Cavendish had a “Rambo-style” knife held to his throat during the terrifying ordeal at his home in Ongar, Essex, a trial at Chelmsford crown court was told.
Balaclava-wearing intruders broke into the property as he slept upstairs with his wife, Peta, who told the trial she had to cover her three-year-old child, who was also in the bed, with a duvet so they could not see what was happening.
Two Richard Mille watches, valued at £400,000 and £300,000, were among the items taken in the raid at about 2.30am on 27 November 2021.
Romario Henry, 31, of Lewisham, south-east London denied two counts of robbery but was found guilty on both counts by a majority verdict of 10 jurors to two after 14 and a half hours of deliberation.
His co-defendant Oludewa Okorosobo, 28, of Camberwell, south London, denied two counts of robbery and was cleared by the jury.
Okorosobo had loaned his mobile phone, which connected with cell masts in the Ongar area on the night, to a man who has admitted robbery.
Okorosobo said he did not go to the Cavendish address and was not with his phone, but had let Ali Sesay borrow it to use a navigation app.
Henry, who showed no visible reaction as he was convicted, will be sentenced on 7 February along with Sesay, of Rainham, Kent, who admitted two counts of robbery at an earlier hearing.
Cavendish and his wife said in a statement released through police that “nothing can ever erase what our family went through”.
They said: “Reliving our family’s experience from that night in November 2021 has been an incredibly difficult experience. What happened that night is something that no family should ever have to go through.
“Although nothing can ever erase what our family went through, there is now some comfort that two men who broke into our family home and stole from us, assaulted Mark and terrified our children are now convicted and will be facing what we hope will be an appropriate sentence for their actions and we hope moves some steps in preventing this horror happening to another innocent family.”
They added: “We have worked and continue to work incredibly hard as a family to move on from that night as best we can, to make it a distant memory.
“It has been immensely difficult and in fact there have been times when it has felt impossible, but we will not let this event and these men’s actions define our family.
“We are moving forward together as a family.”
Peta Cavendish, who like her husband was naked during the robbery, told jurors she had heard a noise that woke her in the night and went downstairs to investigate.
She told the trial that one of the intruders “dragged” Cavendish “from his feet and started punching him”.
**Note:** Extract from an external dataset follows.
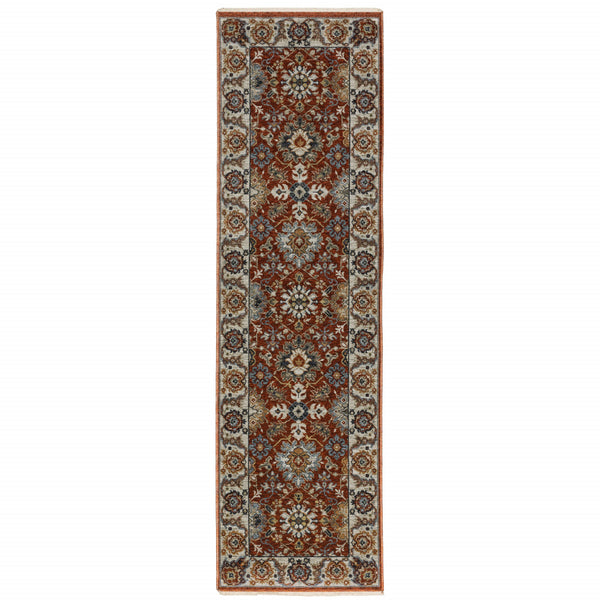 Homeroots 2' X 8' Red Blue Ivory Gold And Navy Oriental Power Loom Stain Resistant Runner Rug With Fringe  Polyester 508017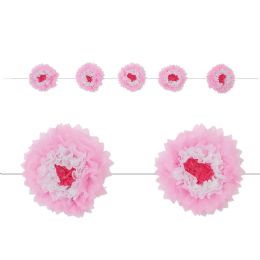 6 Pieces Tissue Flower Garland - Hanging Decorations & Cut Out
One had her husband in a headlock, she said, adding: “One of them held a large black knife to his throat and they said: ‘Where’s the watches’ and ‘Do you want me to stab you?’”
Jurors were told that two other men, Jo Jobson, from Plaistow, east London, and George Goddard, from Loughton in Essex, have been named as suspects in the case but have not been apprehended.
Jobson was 25 and Goddard 26 at the time of a police appeal last March.